I am getting out put as:

output:  ['leav', 'door', 'close', 'night']

which this is not what i was expecting. In my above sentences, left points to which door (e.g. right or left). If I choose pos ='n' this problem may solve but it will then act as a wornNet default and there will be no effects on words like taken.

I found a similar issue in here and I modified the exception list in nltk_data/corpora/wordnet/verb.exc and I changed left leave to left left but still, I am getting the same results as leav.
Now I am wondering if there is any solution to this problem or in the best case, is there any way that I can add a custom dictionary of some words (only limited to my document) that wordNet does not lemmatize them like:

my_dict_list = [left, ...]
Bilgin
  • 499
  • 1
  • 10
  • 25
  • Is your use of the stemmer intentional? Also, are you aware that you can find POS based on context and not hardcode it? – Tiago Duque Aug 22 '19 at 15:22
  • @TiagoDuque Thanks for your comment. I think lemmatizing can normalize my text and no need for stemming since i need the words to be the root format. Can you please give additional details on how to find POS based on context? thnaks – Bilgin Sep 09 '19 at 14:37
  • Sure, give me some time. – Tiago Duque Sep 09 '19 at 14:41

2 Answers2

2

You made a common mistake between Lemmatizing and Stemming.

Stemming

Stemming means reducing the word to its prefix. It is not related to grammar, but linked to your own data or the algorithm used.
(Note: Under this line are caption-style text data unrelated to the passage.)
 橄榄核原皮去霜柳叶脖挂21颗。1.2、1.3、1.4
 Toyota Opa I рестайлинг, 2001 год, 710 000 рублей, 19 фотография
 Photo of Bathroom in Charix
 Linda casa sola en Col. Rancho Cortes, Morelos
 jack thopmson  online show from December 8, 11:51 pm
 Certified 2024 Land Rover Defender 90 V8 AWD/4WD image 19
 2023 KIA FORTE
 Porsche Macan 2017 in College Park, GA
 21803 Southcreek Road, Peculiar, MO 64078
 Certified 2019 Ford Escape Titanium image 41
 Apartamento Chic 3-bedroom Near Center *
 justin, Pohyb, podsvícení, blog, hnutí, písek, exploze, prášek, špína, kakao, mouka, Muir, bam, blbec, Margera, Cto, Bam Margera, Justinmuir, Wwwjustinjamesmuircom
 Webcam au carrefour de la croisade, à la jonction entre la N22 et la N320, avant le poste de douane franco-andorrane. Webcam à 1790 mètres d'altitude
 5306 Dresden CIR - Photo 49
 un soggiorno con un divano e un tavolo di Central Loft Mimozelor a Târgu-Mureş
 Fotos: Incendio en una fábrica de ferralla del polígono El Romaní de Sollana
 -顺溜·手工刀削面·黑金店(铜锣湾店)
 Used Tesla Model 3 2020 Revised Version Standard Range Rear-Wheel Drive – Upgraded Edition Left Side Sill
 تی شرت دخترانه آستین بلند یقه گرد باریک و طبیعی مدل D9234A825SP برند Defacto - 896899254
The most commonly used stemmer, the Porter Stemmer, for example, removes "morphological and inflexional endings from words" (Porter Stemmer Website)

Therefore, words like, cook, cooking, cooked and cookie have its morphological/inflexional endings removed, ending all into "Cook". However, take notice that you're bundling together a noun, a verb in the present continuous, a verb in past tense and another noun, all together (notice that cookie, for example, even though is a cooked food, doesn't actually share a "hierarchy" with the word "cook" or "to cook").

When you do:

stemmer.stem(WordNetLemmatizer().lemmatize(document))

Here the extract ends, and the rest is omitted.